Well, I know from my GIS at work, that just viewing objects will not satisfy people for a long time. For that we should create our environment in a lasting way. If data should be available in a company network why not doing it with all the data for our objects and why not ‘really central’. PostGIS is a free extension for PostgreSQL which includes geospatial objecttypes and functions related to them. PostgreSQL is as free as PostGIS. At the same time it is very powerful database system that can keep up with the great commercial products (e. g. Oracle). That means, you can use PostgreSQL as a datapool for all listings and other kind of information in form of a listing, that different people should access at the same time. Centralising information is always a good idea. And if you didn’t knew it before: that is the idea behind a buisness warehouse!

You can install the PostgreSQL software on a Linux- or Windows-machine. I prefer Linux, because you can than reactivate a much more older machine, that you maybe have sort out before. Even for a good database performance you don’t have to use a dual-core pentium somewhat. A machine with 1GB or more memory and a processor with about 1GHz will do. Maybe in your special case less would also do. Try it! The harddisk can be chosen by the amount of information you will store in the database plus the operation system and some clearance.

Finally we start! First of allyou should fetch the actual PostgreSQL sourcecode from their homepage. Depending on your operation system you should follow the according installation instructions. The sourcecode is needed to install PostGIS. So please don’t use binary packages. They won’t do. If all requirements are fullfilled, compiling and installing PostgreSQL should be no problem. After that we do the same with PostGIS. During the compilation I had a problem with a shared object (‘something.so’) that couldn’t be found. I searched for it and copied it into the PostgreSQL-lib-directory. After that it worked … If PostGIS is compiled, the SQL-statements to extend PostgreSQL would also be ready and you can run than like the installationinstructions tell you. Before you should have created a database in PostgreSQL, because you don’t extend the whole databse system, but a single instance of it: your dataspace. Now there is nothing more standing in your way, holding you from using your fresh created geospatial extension of PostgreSQL.

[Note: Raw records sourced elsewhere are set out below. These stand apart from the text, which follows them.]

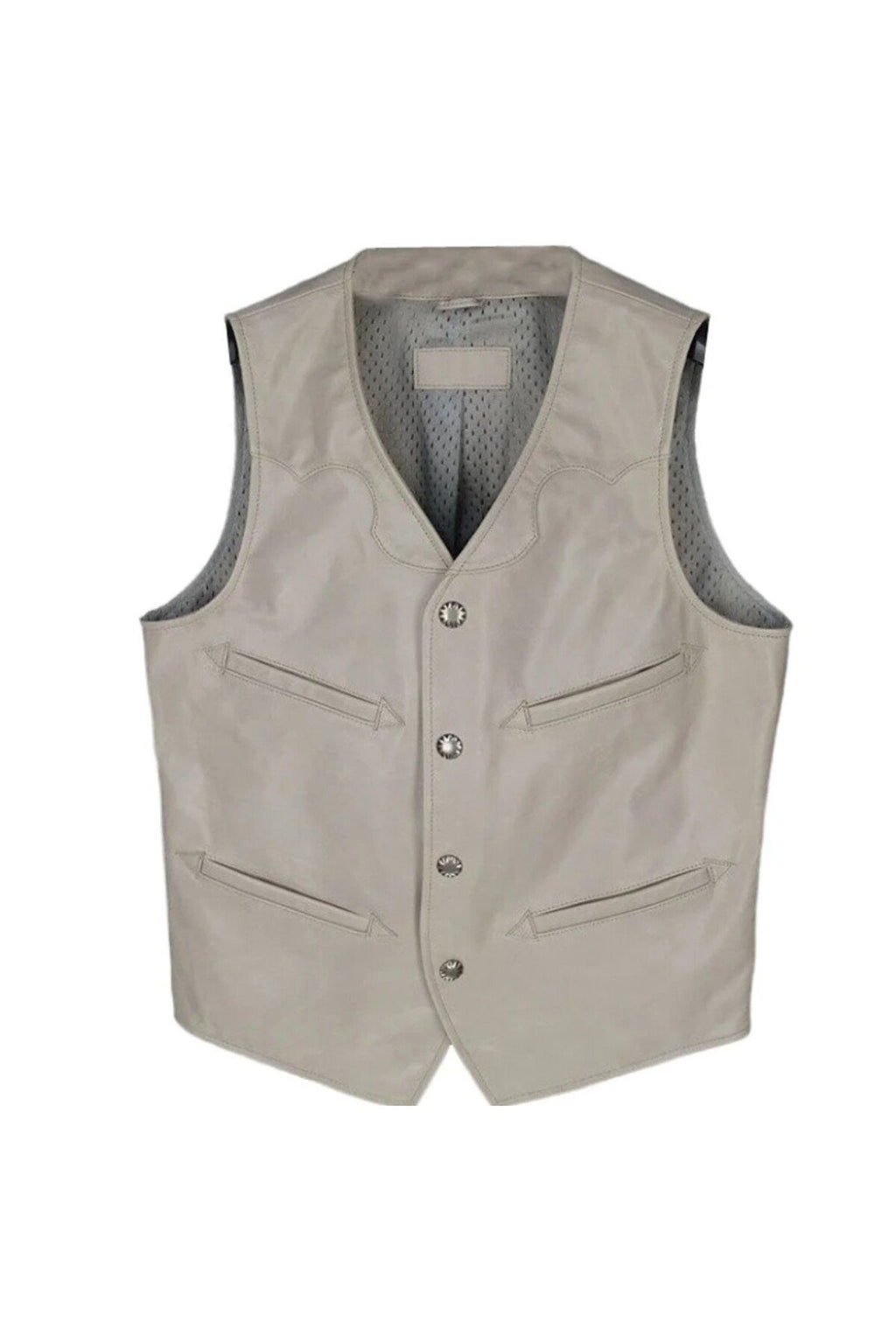 Vashion Hakiki deri gri yelek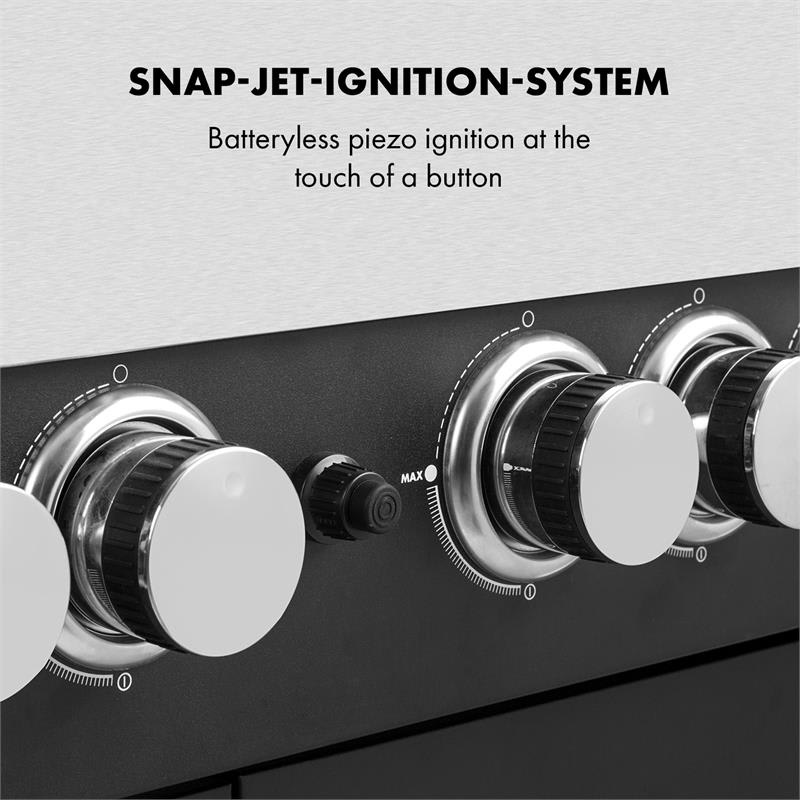 Klarstein Tomahawk 4.2 SBG plynový gril 6 horákov 20,7 kW 64x42 cm gril nerezová oceľ – Obrázok 4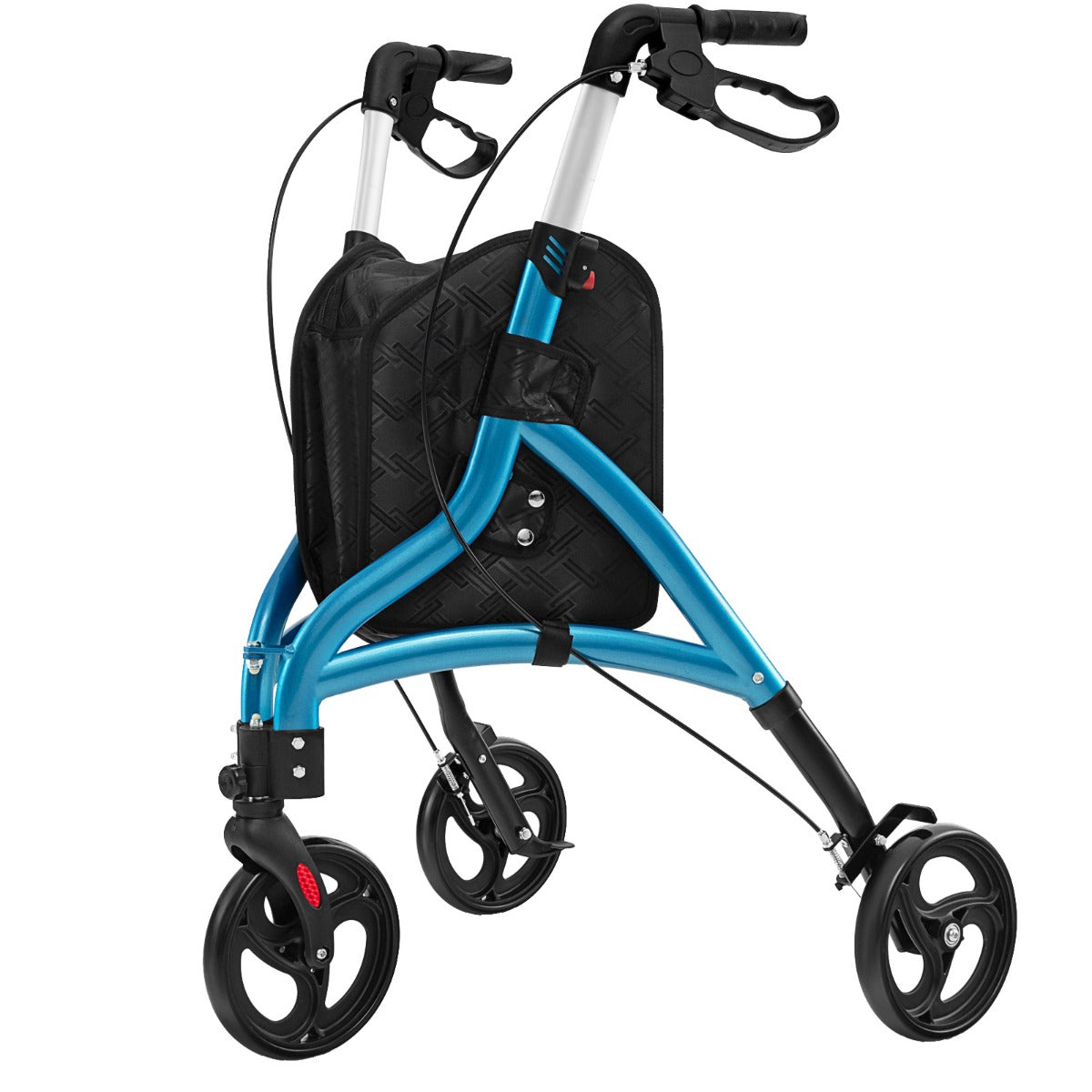 LIVSK Vouwbare Rollator voor Senioren - Lichtgewicht Aluminium - 20 cm Grote Wielen - 6 Verstelbare Hoogtes - Tot 136 kg - Blauw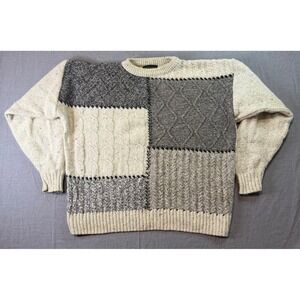Britches Patchwork Knit Sweater Crew Neck Long Sleeve Casual Pullover Wool USA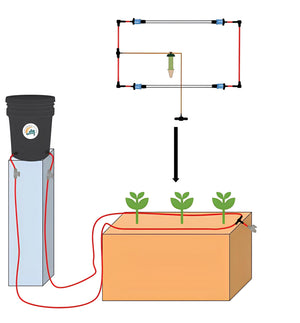 Blumat Ready, Set, Grow kit diagram showing a black water bucket feeding red irrigation tubing to a garden planter.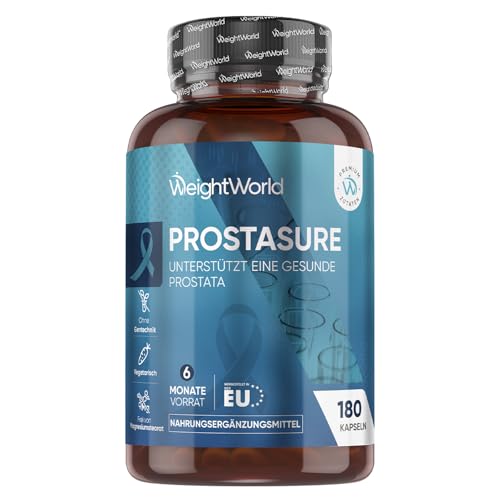 Prostata Komplex Kapseln - 1 Kapsel Täglich - 180 Kapseln - 6 Monate Vorrat - Mit Sägepalmenextrakt Brennnessel Kürbiskern Vitamin D3 & B6 Zink - Saw Palmetto - ProstaSure von WeightWorld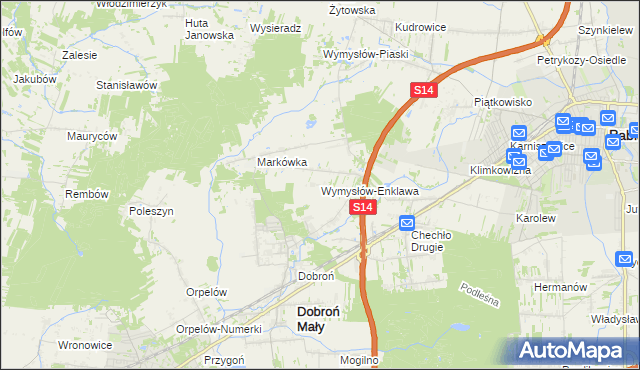 mapa Wymysłów-Enklawa, Wymysłów-Enklawa na mapie Targeo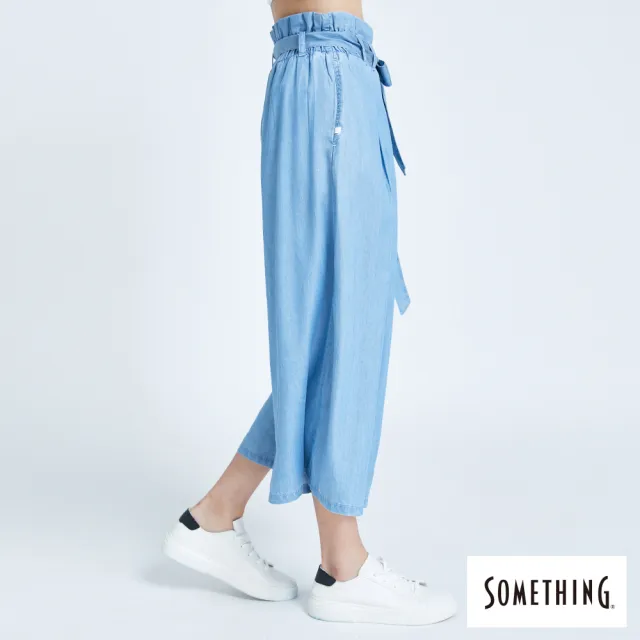 【SOMETHING】女裝 天絲束袋型闊腿褲(漂淺藍)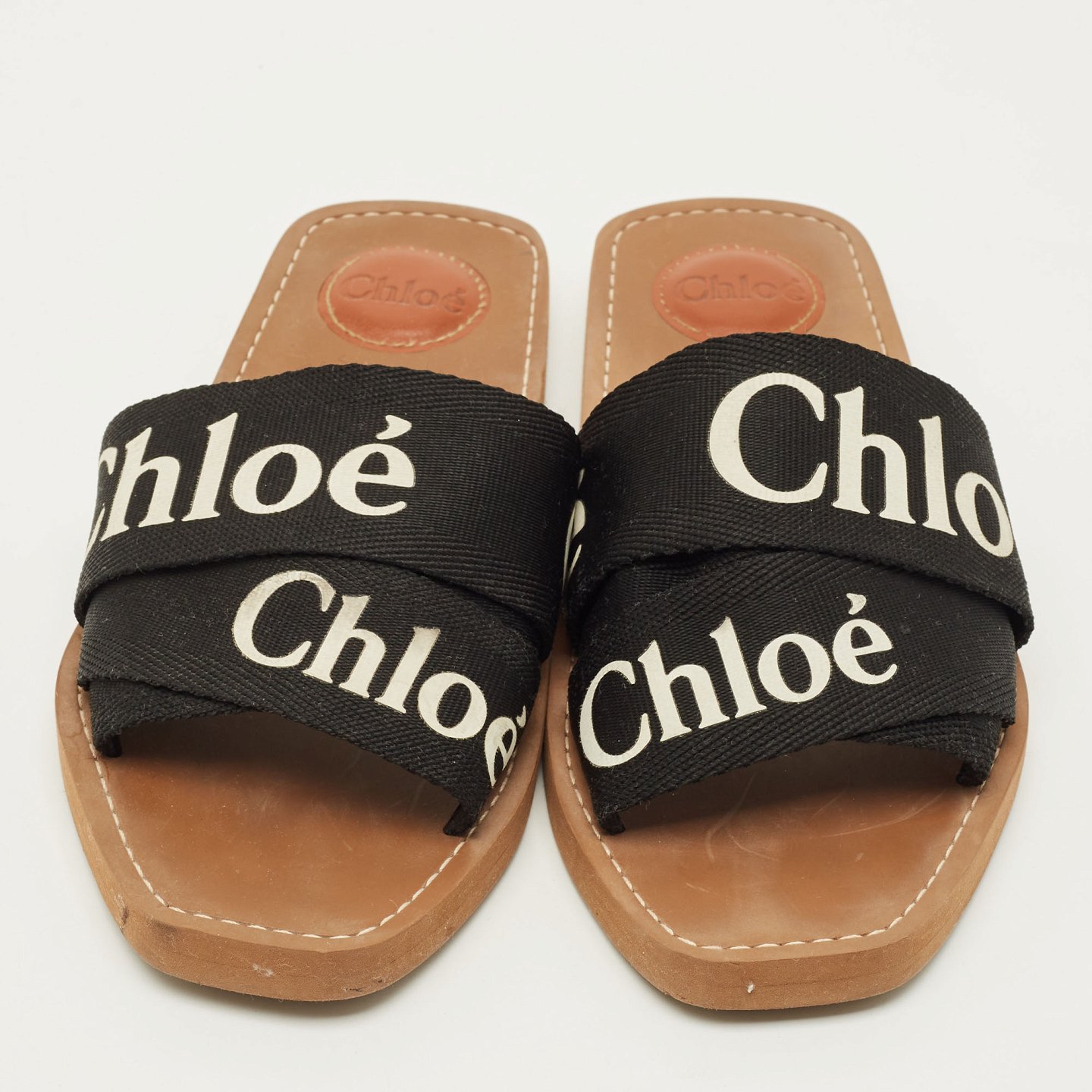 Woody Black Canvas Flat Slides 5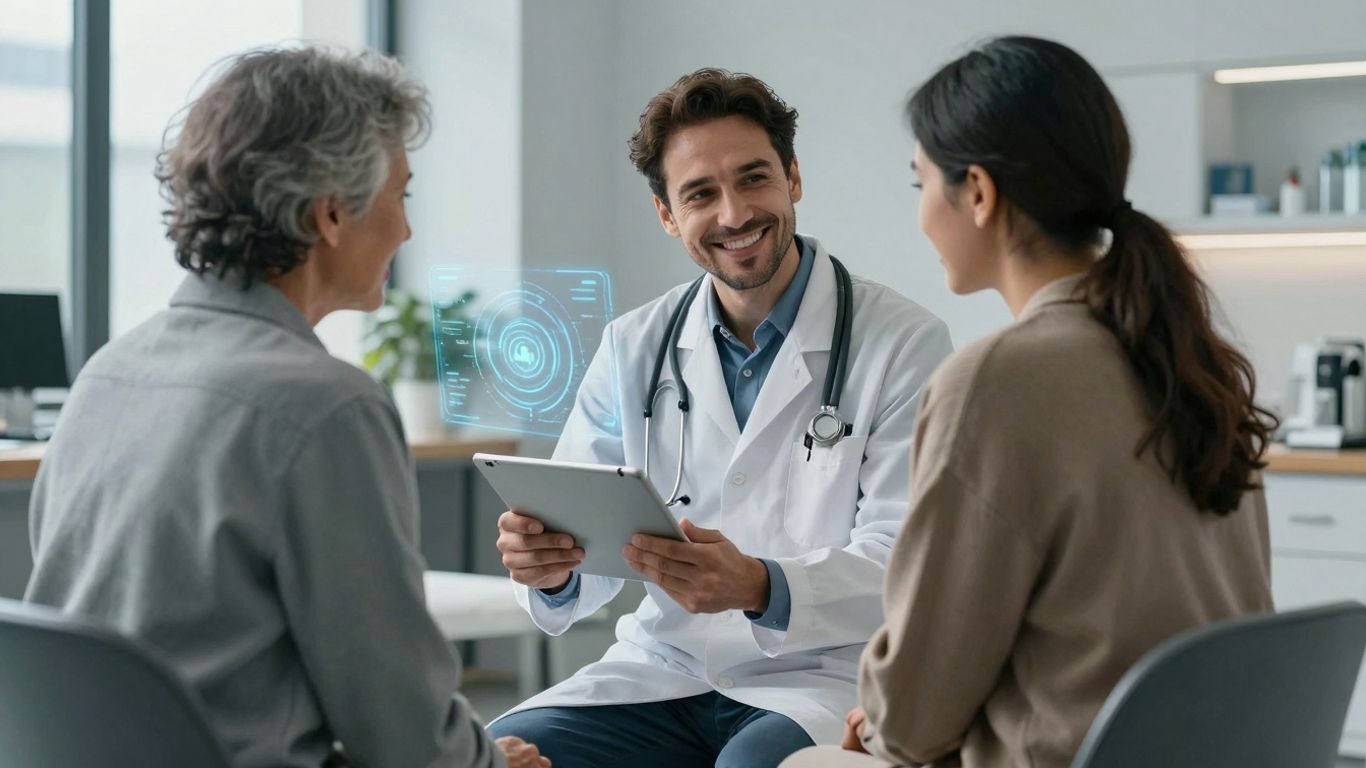 Doctor and patient with AI interface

After that I had done the tests of the PostGIS FAQs to be sure that my database has got the extension and was amazed how simple you can access the geospatial data and functions. As a ‘help programmer’ there are a lot of SQL-statements coming into my mind, which I will test next time with my demo data.

An advice at the end: if you’d like to comfortably access PostgreSQL from a Windows-based machine, you should install PgAdmin III . It’s a kind of gui and admintool in one. And for all that cannot be devorced from MS Access there should be an ODBC-driver installed on their machines which can establish the neede connection to the PostgreSQL-backend.

And now you should do some first steps in QGIS connecting with PostGIS.